Sur scène, deux acteurs : Frédérique incarnant tour à tour Vicky, une jeune québécoise ostéopathe vivant sur Paris, ainsi que la mère de Maxime, manipulatrice et possessive. Tandis que Jean-Charles incarne Maxime, barman mais plutôt artiste dans l'âme qui rêve d'une autre vie, ainsi que Didier, le compagnon jaloux et possessif de Vicky. Ceux-ci jouent scène après scène deux rôles, qui vont s'entremêler, évoluer, empirer, changer. Vicky et Maxime nous racontent leur histoire personnelle qui se croise avec leur histoire d'amitié commune qui va les amener tous deux à réagir, prendre du recul ou non selon la situation.
Tous les deux vivent une situation d'emprise avancée, sous l'influence et le contrôle d'un autre, ne pouvant vivre leur vie comme ils l'entendent et s'épanouir librement. Ils sont coincés dans leur histoire, leur relation toxique qui les étouffe.

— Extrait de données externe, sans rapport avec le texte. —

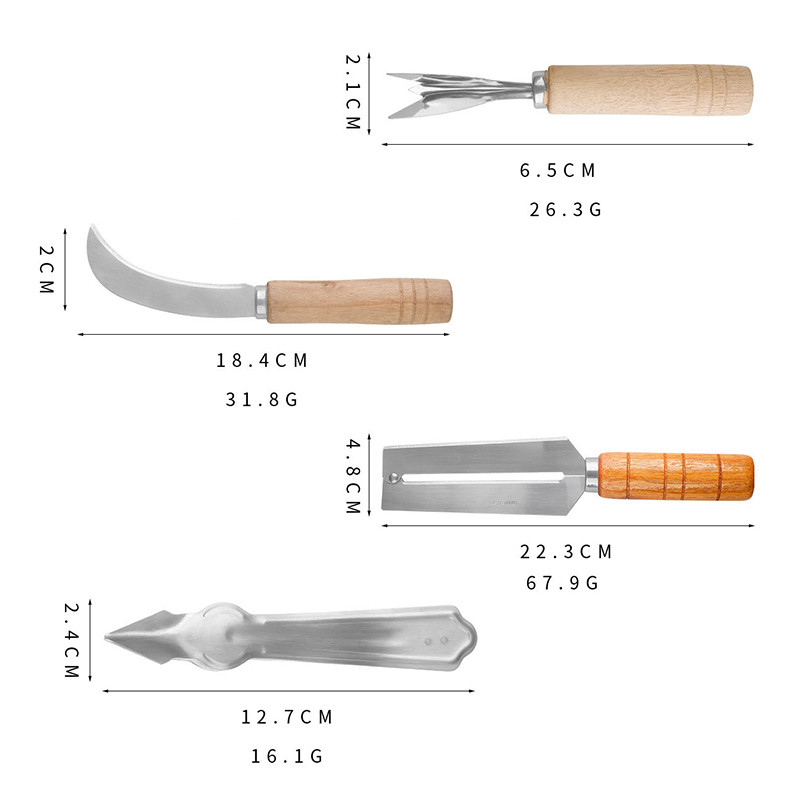 Set 4Pcs Alat Pengupas Nanas Profesional Pisau Khusus Biji Kulit Nanas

Vicky va emménager avec Didier, un avocat à l'apparence affectueuse, bien sous tous les angles. Il veut la contrôler, la posséder, quitte à lui faire perdre son identité et son sourire. Comme illustration frappante, elle perd son accent québécois, s'amaigrit et s'oublie pour faire passer les désirs de Didier avant les siens. Il veut un enfant mais Vicky fait une fausse couche et perd le bébé ce qui déclenche la fureur de Didier.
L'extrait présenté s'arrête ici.